RECORDS SHOWN:
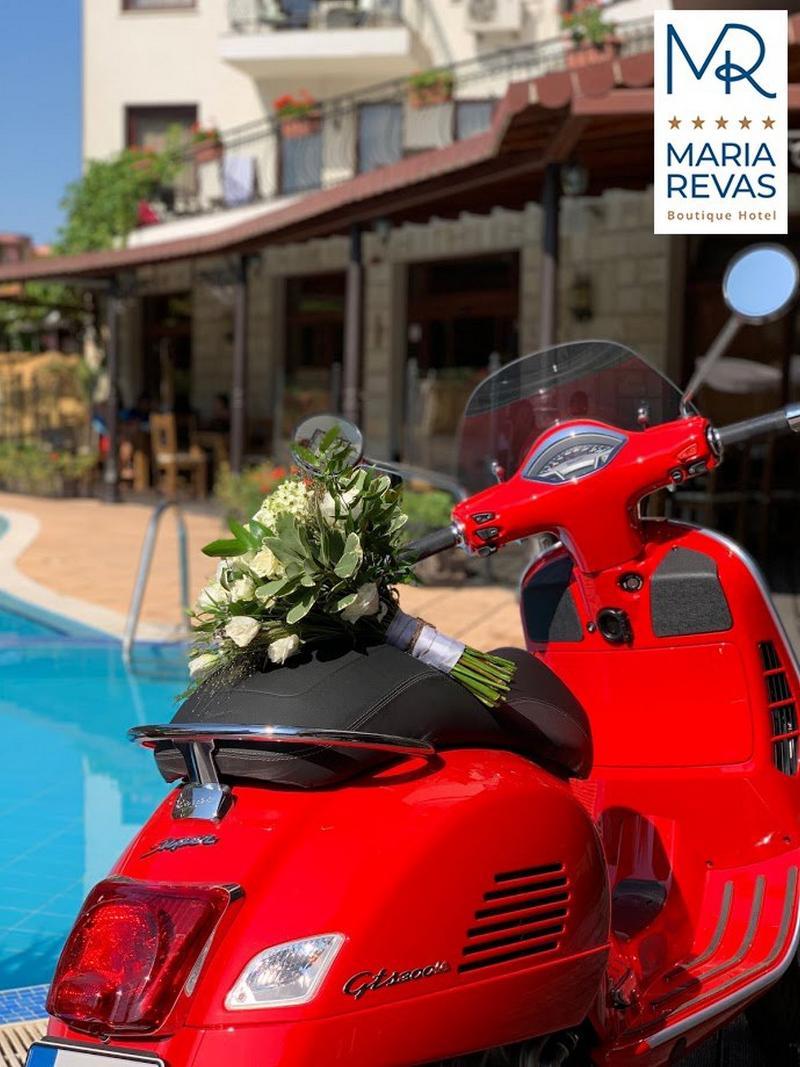 Villa Maria Revas Sunny Beach Eksteriør billede
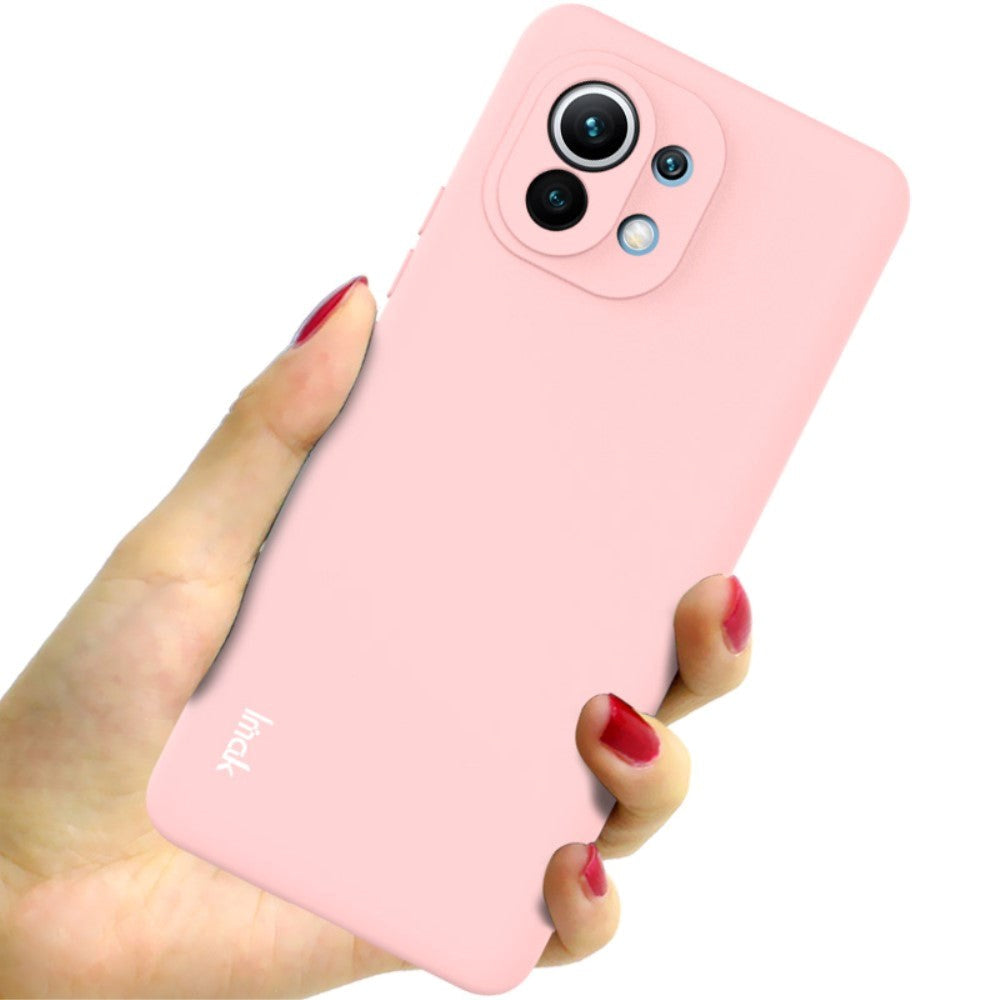 Xiaomi Mi 11 IMAK UC-2 Series Flexible Plastic Case - Pink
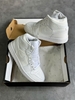 ( Chính Hãng ) Giày Nike Air Jordan 1 Mid Triple White 554724-130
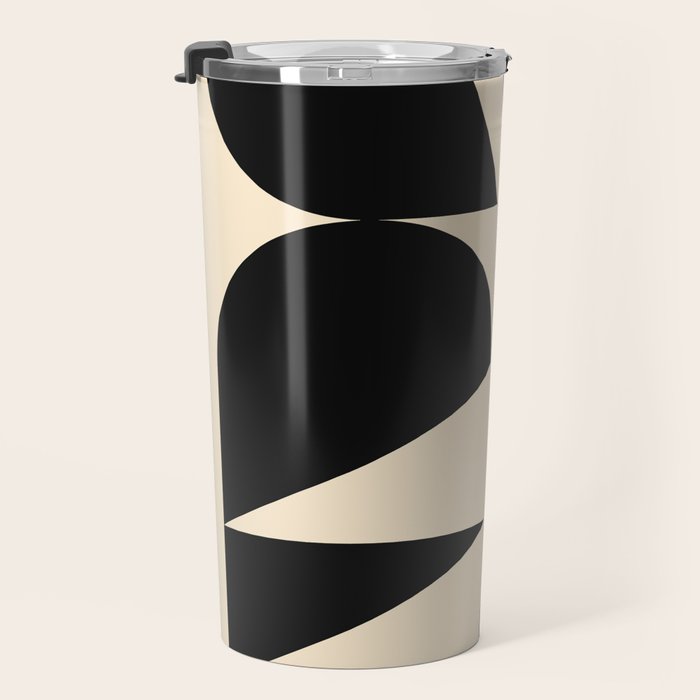 Modern geometric shapes 47 Travel Mug Gallery Image 3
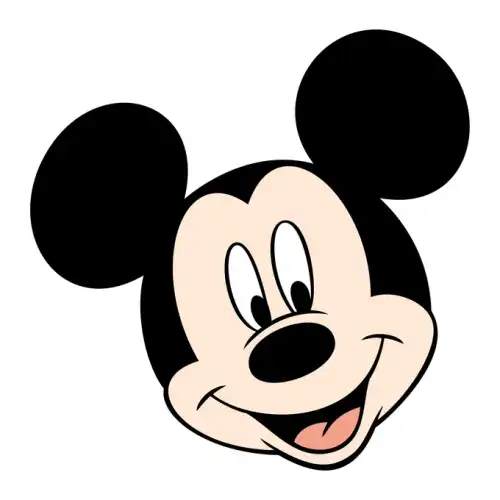 Mickey Mouse SVG Design | SVG Files for Cricut & Print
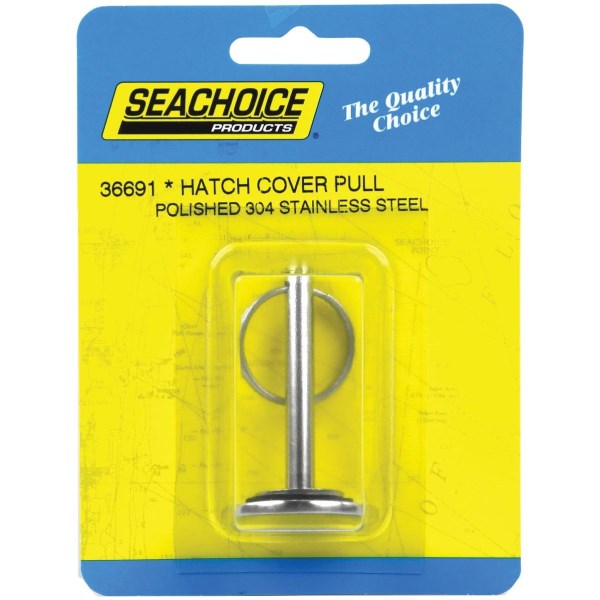 Seachoice 1-1/4 In. x 1/8 In. Stainless Steel Hatch Cover Pull - Iieemm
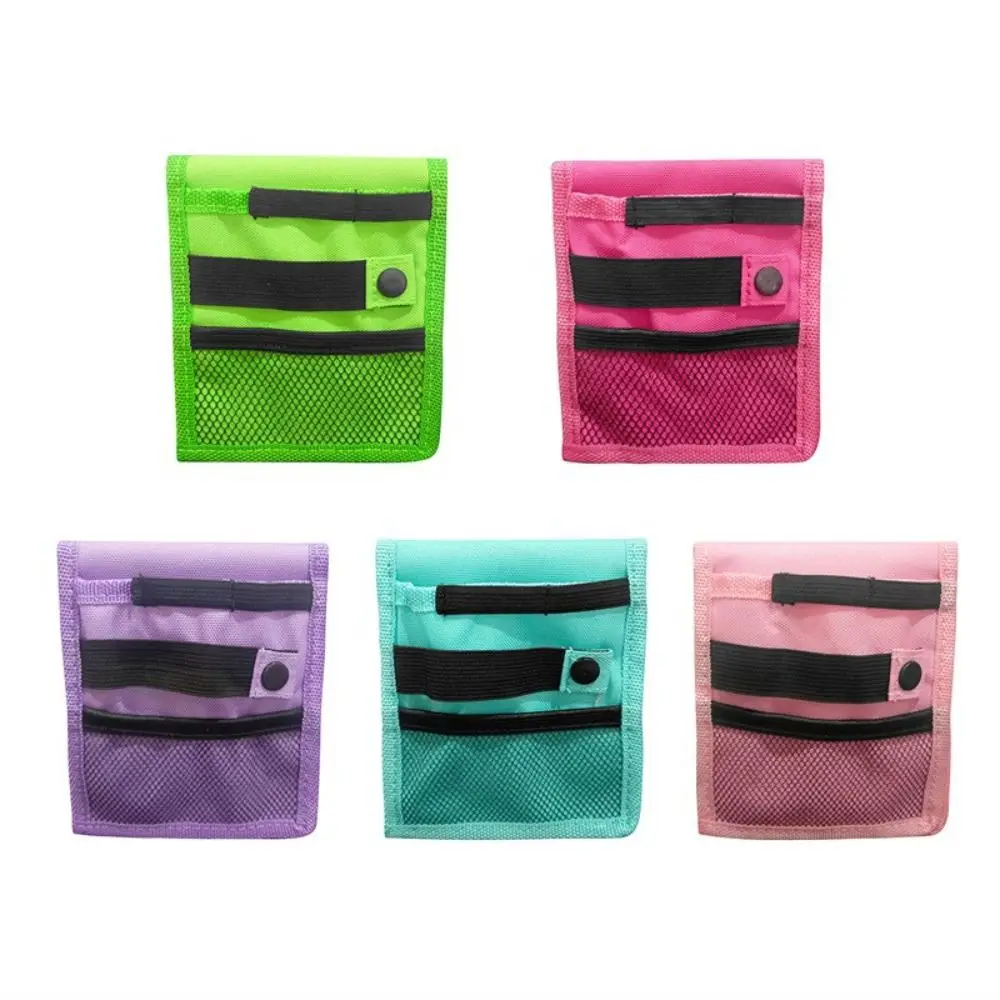 Pen Insert Chest Pocket Pouch Stationery Compact Portable Storage Pen Chest Toolkit Organizer Easy Carrying Storage Bag Nurse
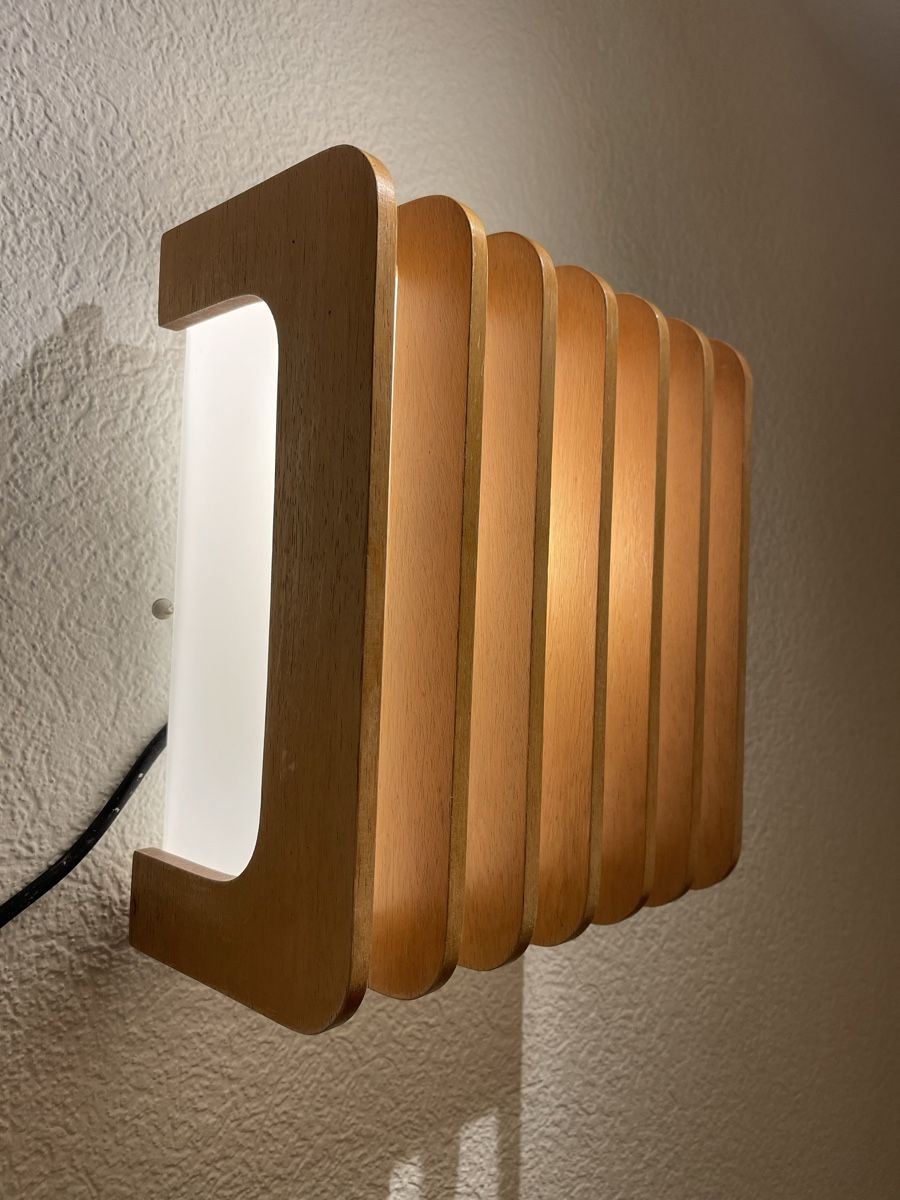 Lampadari & plafoniere: Deckenleuchte / Wandleuchte Lamello – Usato da Thalwil venduto da alfons03 5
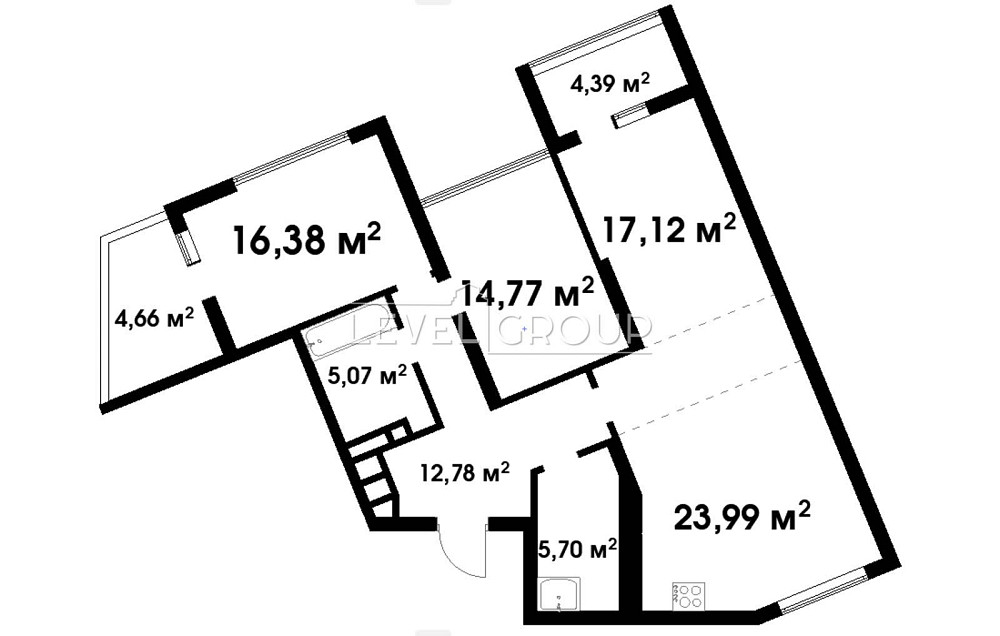 Без % Продаж видової 3-кімнатної квартири ЖК Теремки Kyiv - photo 2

INSTRUCTIONS FOR THE TASK: Would you transcribe exactly, and only, the lines from the one containing "Xiaomi Mi 11" through the last line of the records above, both included, leaving out the pictures?

EXPECTED OUTPUT:
 Xiaomi Mi 11 IMAK UC-2 Series Flexible Plastic Case - Pink
 ( Chính Hãng ) Giày Nike Air Jordan 1 Mid Triple White 554724-130
 Modern geometric shapes 47 Travel Mug Gallery Image 3
 Mickey Mouse SVG Design | SVG Files for Cricut & Print
 Seachoice 1-1/4 In. x 1/8 In. Stainless Steel Hatch Cover Pull - Iieemm
 Pen Insert Chest Pocket Pouch Stationery Compact Portable Storage Pen Chest Toolkit Organizer Easy Carrying Storage Bag Nurse
 Lampadari & plafoniere: Deckenleuchte / Wandleuchte Lamello – Usato da Thalwil venduto da alfons03 5
 Без % Продаж видової 3-кімнатної квартири ЖК Теремки Kyiv - photo 2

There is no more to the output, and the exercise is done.